The work was presumed lost until 1961, when musicologist Old?ich Pulkert discovered a copy of the score at the Prague National Museum. Though some doubts have been raised about the authenticity of the work, most experts believe that Haydn did compose this concerto.
Although the full work was discovered in 1961, Haydn had written the beginning of the principal theme of the first movement in his draft catalogue of 1765. This early work, contemporaneous with symphonies 6, 7 and 8 and predating his D major cello concerto by around twenty years, already shows Haydn as a master of instrumental writing. The solo cello part is thoroughly idiomatic. The concerto reflects the ritornello form of the baroque concerto as well as the emerging structure of the sonata-allegro form. As in the baroque concerto grosso, the accompanying ensemble is small: strings, two oboes, and two horns. It is possible that Weigl was the only cellist in the Esterházy Orchestra when Haydn composed the concerto, since there is only one cello line in the score, marked alternately "solo" and "tutti." There is also, however, a basso continuo line, that might have been played by another cellist, or by Haydn himself on the harpsichord, or by a string bass player.
All three movements of this work are written in sonata form, unlike the second concerto, where rondo form is used in the second and third movements. This concerto is more related to Haydn's violin concerti than its follower, holding very close resemblance to the Violin Concerto no. 3 in A major, such as the first movement's etched rhythms, and flowing second themes, a peaceful slow movement, and a brisk finale. Both concerti were composed in the same period of time.
After the orchestral exposition of the first movement, the solo instrument plays the opening theme with full chords that use all four strings. Virtuosity is developed further in the use of rapidly repeating notes, the very high range, and quick contrasts of register. This movement is dominated by a single theme, although the theme itself includes several motives that Haydn develops separately. Near the end, a cadenza is played.
In the slow movement (scored without winds), the cello enters dramatically on a long note, played while the orchestral strings relaunch the opening theme. Two measures later the cello goes on to imitate this melody. Haydn was fond of this gesture: several times in the movement the cello enters on a sustained pitch. This movement, like the first, calls for a cadenza toward the end.

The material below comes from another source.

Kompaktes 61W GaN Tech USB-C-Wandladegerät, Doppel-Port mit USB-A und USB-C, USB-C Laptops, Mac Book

The finale also has the cello enter on a long note, after an extended orchestral introduction. This spirited finale, written in sonata allegro form, represented another chance for Haydn to show what he could do in spinning out a single theme into a series of short motives and a large variety of rapidly changing moods. The virtuosity of the solo instrument is exploited in this movement, especially in passages where the cello alternates rapidly from low to high, so that it seems to be two instruments playing in counterpoint. Haydn uses the sustained-note entrance several times, the final one on a very high, penetrating G.
Haydn's C Major Cello Concerto has become a staple of the cello repertoire, after its 20th century premiere by Milo? Sádlo and the Czechoslovak Radio Symphony Orchestra, conducted by Sir Charles Mackerras, on 19 May 1962. Many famous artists, including Jacqueline du Pré, Yo-Yo Ma, Julian Lloyd Webber, Pierre Fournier, Truls Mørk, Mstislav Rostropovich, Pieter Wispelwey, Heinrich Schiff, Lynn Harrell, Christine Walevska, Sol Gabetta, Maximilian Hornung, Mischa Maisky, Steven Isserlis, and Sergei Istomin have recorded it.
The only record of the work is its appearance in Haydn's own thematic catalogue of compositions, compiled in 1765 to prove to Prince Nikolaus Esterházy that he was working diligently.